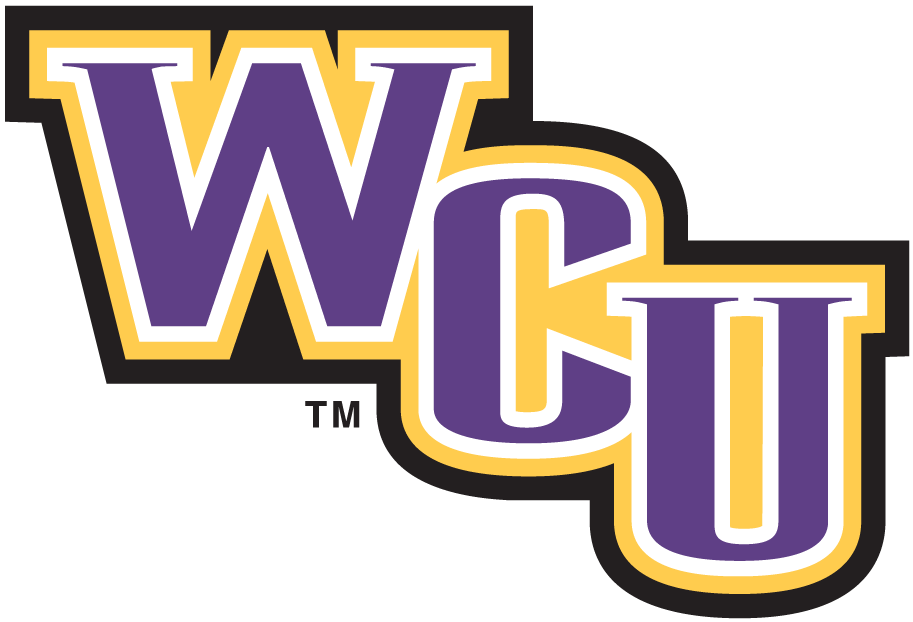 Western Carolina Catamounts 1996-2007 Wordmark Logo t shirts iron on transfers v5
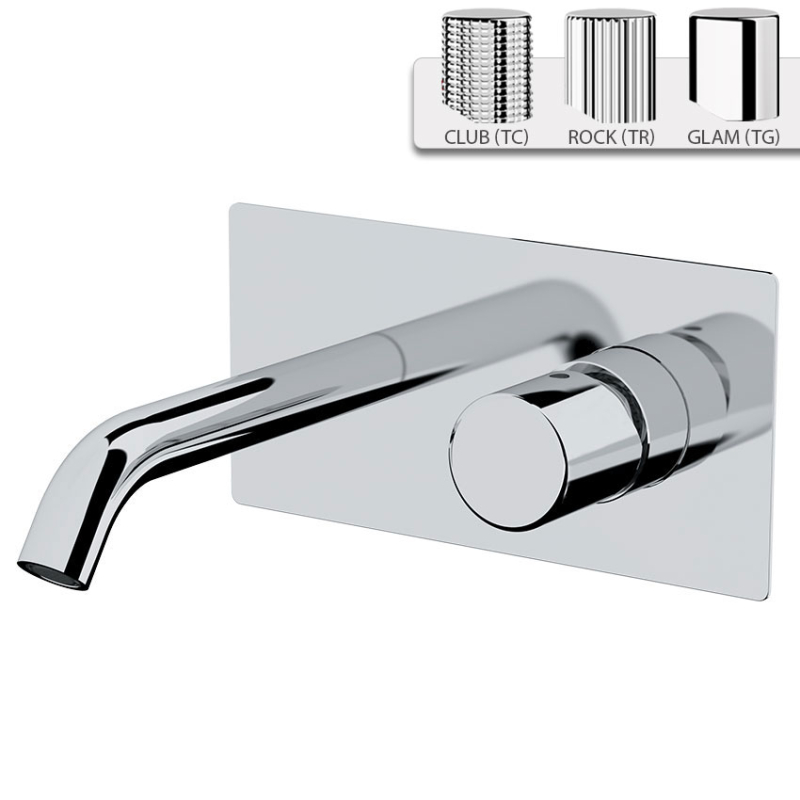 TG632 Смеситель для раковины  DANIEL RUBINETTERIE Trilogy - Вид №1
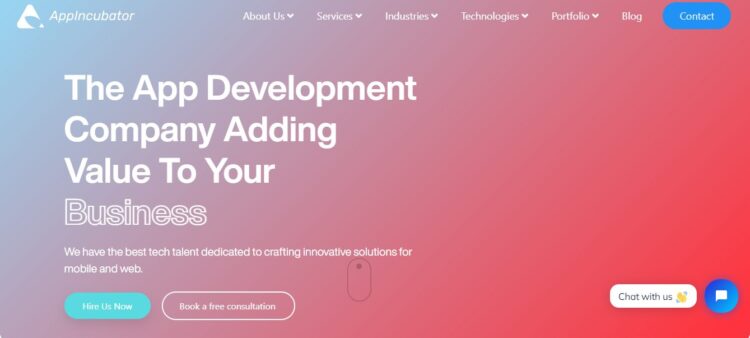 App Incubator - App Development Company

=======

§ PROBLEM STATEMENT: What should appear is an exact reproduction of the lines from the one with "TG632 Смеситель для" through the end of the material above, and no pictures.

§ EXPECTED ANSWER:
 TG632 Смеситель для раковины  DANIEL RUBINETTERIE Trilogy - Вид №1
 App Incubator - App Development Company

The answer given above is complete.